Augustine did take a critical view of the young earth narrative in some aspects, arguing that everything in the universe had been created simultaneously by God, and not seven literal days. He was primarily concerned with arguing against the idea of humanity having existed eternally rather than a Bible-based chronology of human history.[3]


So, not only should a Young Earth Creationist not embrace Anabaptists of the XVIth C, but he should embrace Augustine of Hippo, a clear Catholic.

The last of these paragraphs again has tendentious phrasing, the idea of a simultanous creation doesn't in any way make the universe less young, and a Bible-based chronology of human history, along with rejecting Gap Theory and Day-Age Theory = Young Earth Creationism. Obviously a "one moment creation" is the very opposite of Day-Age or Gap Theories.

Hans Georg Lundahl
Paris
St. Moses
4.IX.2023

In monte Nebo, terrae Moab, sancti Moysis, legislatoris et Prophetae.

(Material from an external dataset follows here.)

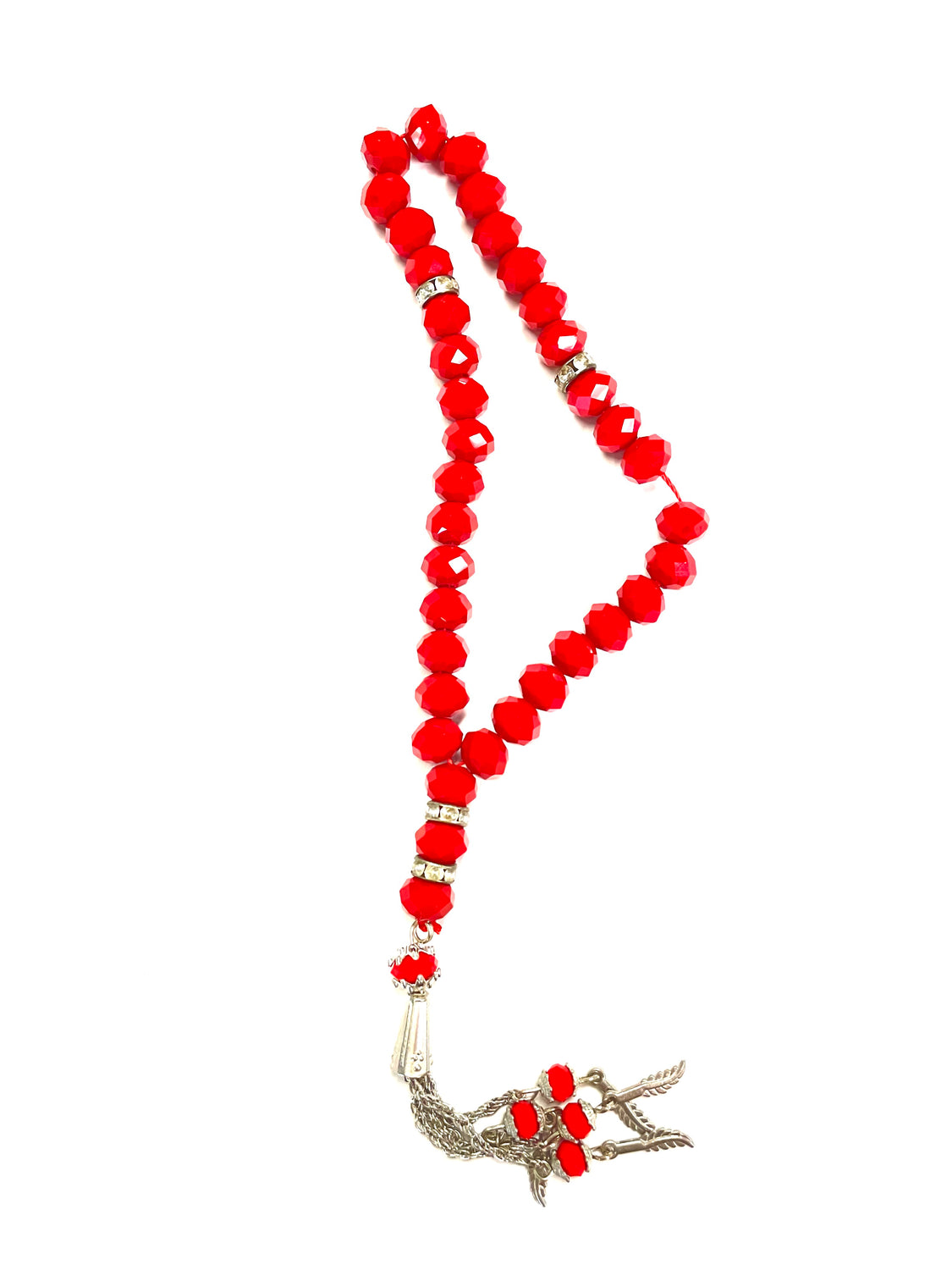 red and silver tasbeeh with 33 beads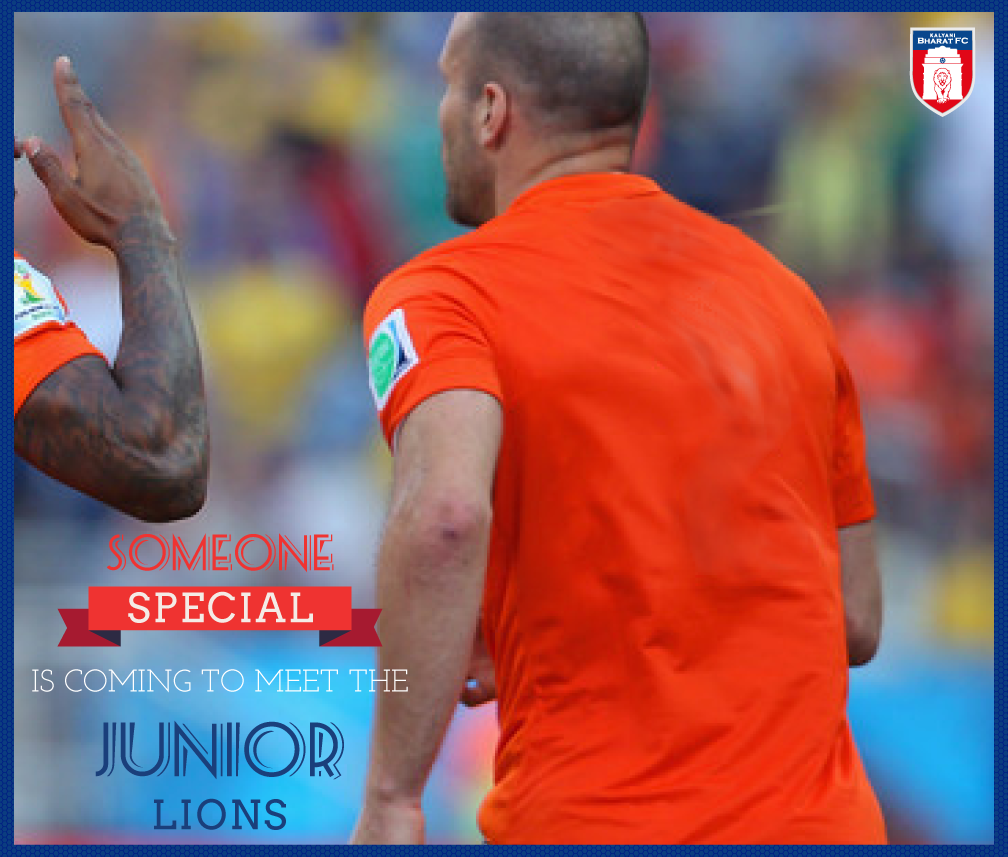 BharatFC's tweet photo. A 2014 World Cup regular, a Premier League star and now dropping in to meet the Junior Lions! Who do you think he is? http://t.co/qEq9m4PzWA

* Instead of discussing the wikipedian footnotes, I'll just give them under this footnote:
1) Popkin, Richard Henry (1987). Isaac La Peyrère (1596-1676): His Life, Work, and Influence. Leiden, The Netherlands: Brill Publishers. ISBN 90-04-08157-7. Retrieved 25 February 2021.
2) Livingstone, David N. (2011). Adam's Ancestors: Race, Religion, and the Politics of Human Origins. Baltimore: Johns Hopkins University Press. ISBN 978-0-8018-8813-7. Retrieved 25 February 2021.
3) Young, David A. (1988). "The Contemporary Relevance of Augustine". Perspectives on Science and Christian Faith. American Scientific Affiliation. 40 (1): 42–45. Retrieved 23 April 2021.